As the quarter progressed, there were also more arguments that the US Exceptionalism narrative is over. Big tech leadership faltered, with Mag 7 stocks on average down 25% from their 52-week highs and accounting for 96% of the S&P 500 decline YTD. The group’s weakness was tabbed in part to emerging cracks in the AI secular growth narrative. Particularly after the January DeepSeek selloff, growing fears around the size of AI-related capex across the major hyper-scalers, and a slowdown in cloud spend as AI models become cheaper and more efficient.
Stock weakness spread beyond big tech as growth fears and tariff uncertainty became the key overhang for the broader market. Strategists from Goldman Sachs, RBC Capital Markets, and Barclays were among those to cut 2025 S&P 500 price targets in March, citing factors including higher tariffs, weaker economic growth, and higher inflation.
Tariffs were the biggest story in the first quarter. President Trump ramped up tariff threats (particularly in March) after delaying some proposed tariffs on Canada and Mexico earlier in the quarter. In mid-March, Trump said April 2nd would be “Liberation Day,” when he would announce sweeping reciprocal tariffs on trading partners and also announced 25% tariffs on auto imports. Markets were originally supported by the idea that tariffs were threats only to help drive better trade deals, though that narrative fell apart toward the end of the quarter amid growing uncertainty whether April 2nd would be a clearing event.
Survey data also reflected a cautious turn for both consumers and businesses during the quarter. March Michigan Consumer Sentiment fell all three months in the quarter to lowest levels since late 2022, while one-year inflation expectations jumped to 5% and 5Y inflation expectations of 4.1% marked a 32-year high. March Consumer Confidence also fell for four-straight months to the lowest level since early 2021, including the expectations index hitting a 12-year low. March flash manufacturing PMI swung back into contraction and cost pressures increased at sharpest pace in 23 months in the composite reading, while the report’s expectations for the year-ahead fell to the second lowest level since late 2022.
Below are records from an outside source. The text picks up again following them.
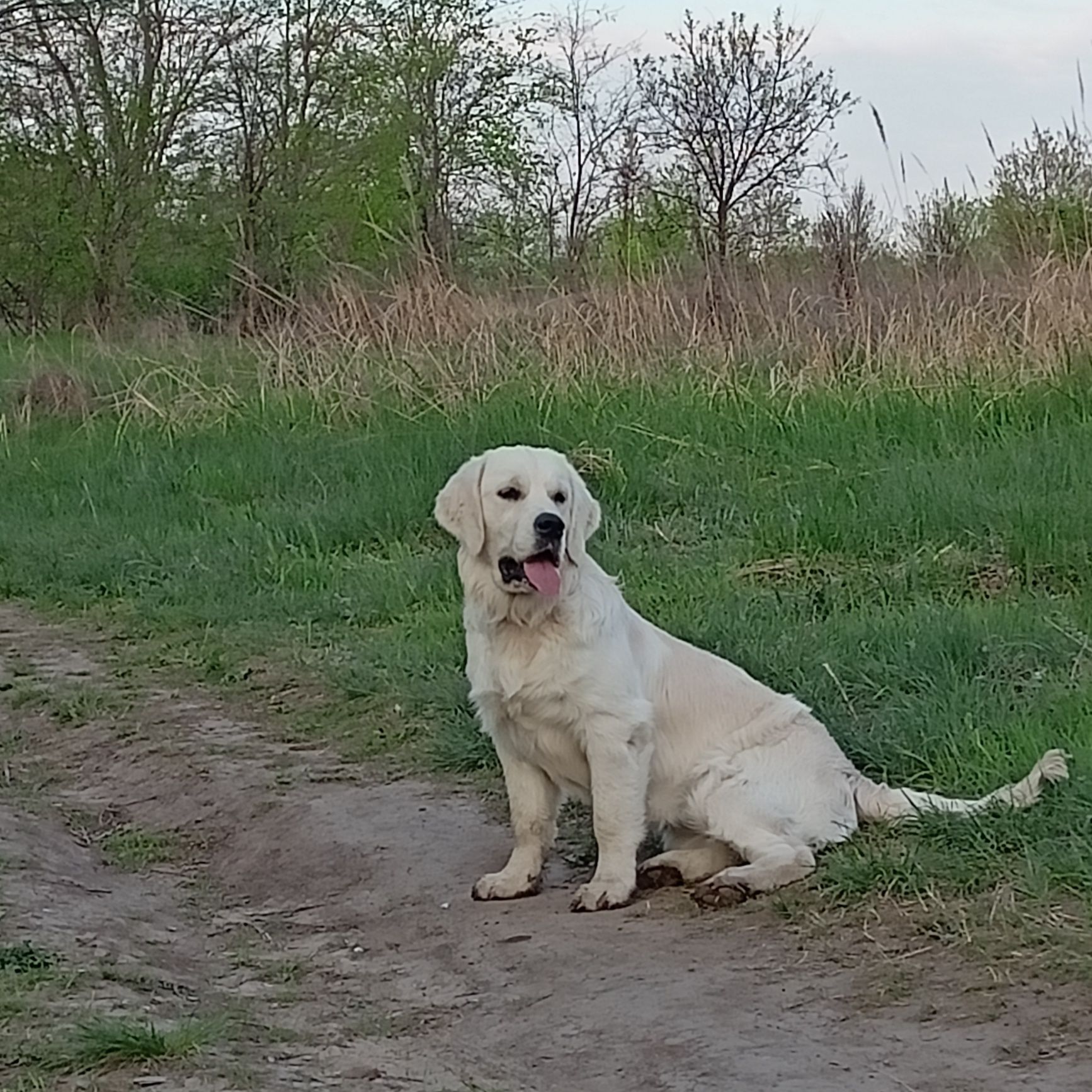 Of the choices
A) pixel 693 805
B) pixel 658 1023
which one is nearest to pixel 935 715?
pixel 693 805

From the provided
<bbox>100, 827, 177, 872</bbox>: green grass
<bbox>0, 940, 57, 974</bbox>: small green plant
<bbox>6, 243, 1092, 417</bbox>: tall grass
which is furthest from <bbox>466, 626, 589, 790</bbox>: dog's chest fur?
<bbox>6, 243, 1092, 417</bbox>: tall grass

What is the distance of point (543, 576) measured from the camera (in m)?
4.34

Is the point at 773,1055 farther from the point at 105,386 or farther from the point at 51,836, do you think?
the point at 105,386

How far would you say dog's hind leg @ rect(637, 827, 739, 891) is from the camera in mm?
4301

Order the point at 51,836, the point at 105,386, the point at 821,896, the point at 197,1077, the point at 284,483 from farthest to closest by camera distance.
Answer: the point at 105,386 → the point at 284,483 → the point at 51,836 → the point at 821,896 → the point at 197,1077

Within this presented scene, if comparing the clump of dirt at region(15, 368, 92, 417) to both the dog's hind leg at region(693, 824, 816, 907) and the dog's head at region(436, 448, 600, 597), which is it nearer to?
the dog's head at region(436, 448, 600, 597)

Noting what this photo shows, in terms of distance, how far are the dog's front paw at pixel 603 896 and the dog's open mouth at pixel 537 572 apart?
2.51 feet

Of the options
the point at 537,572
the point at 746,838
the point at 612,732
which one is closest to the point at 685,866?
the point at 746,838

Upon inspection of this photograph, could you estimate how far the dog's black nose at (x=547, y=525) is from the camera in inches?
171

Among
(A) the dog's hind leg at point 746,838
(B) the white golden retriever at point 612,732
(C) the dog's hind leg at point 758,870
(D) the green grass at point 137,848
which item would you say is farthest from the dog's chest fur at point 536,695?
(D) the green grass at point 137,848

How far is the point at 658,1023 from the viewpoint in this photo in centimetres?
332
However, hard data held up better through the quarter supporting the underlying strength that has existed in the U.S. economy. December nonfarm payrolls posted the best print since January 2023, while the attractive valuations, comprising greater exposure to defensive sectors with less tech concentration, and being seen as potential beneficiaries of increased defense and infrastructure spending.
Fixed income also made a positive return for the quarter. Treasuries rallied sharply with the biggest gains in intermediate (3-7 years) maturities. The 2Y yield fell 35 bp to under 3.90% and ended the quarter near the lowest levels since October. The 10Y also fell over 35 bp to around 4.20%.
Outlook – More Uncertainty
Following the end of the quarter, the most dramatic market movement came when President Donald Trump announced sweeping tariff increases. The announcement sparked a historic two-day sell-off, with over $6.6 trillion wiped from U.S. equity markets. International markets were not immune to the sell-off giving up their year-to-date gains. Fixed income also came under pressure with treasury yields increasing and credit spreads widening.
The market has subsequently recovered some of the losses, but investor sentiment remains cautious. While a pause has been announced for some tariffs and early first quarter corporate earnings and recent economic data have been resilient, global uncertainty, particularly around tariffs, monetary policy, and geopolitical development, continues to cloud the outlook.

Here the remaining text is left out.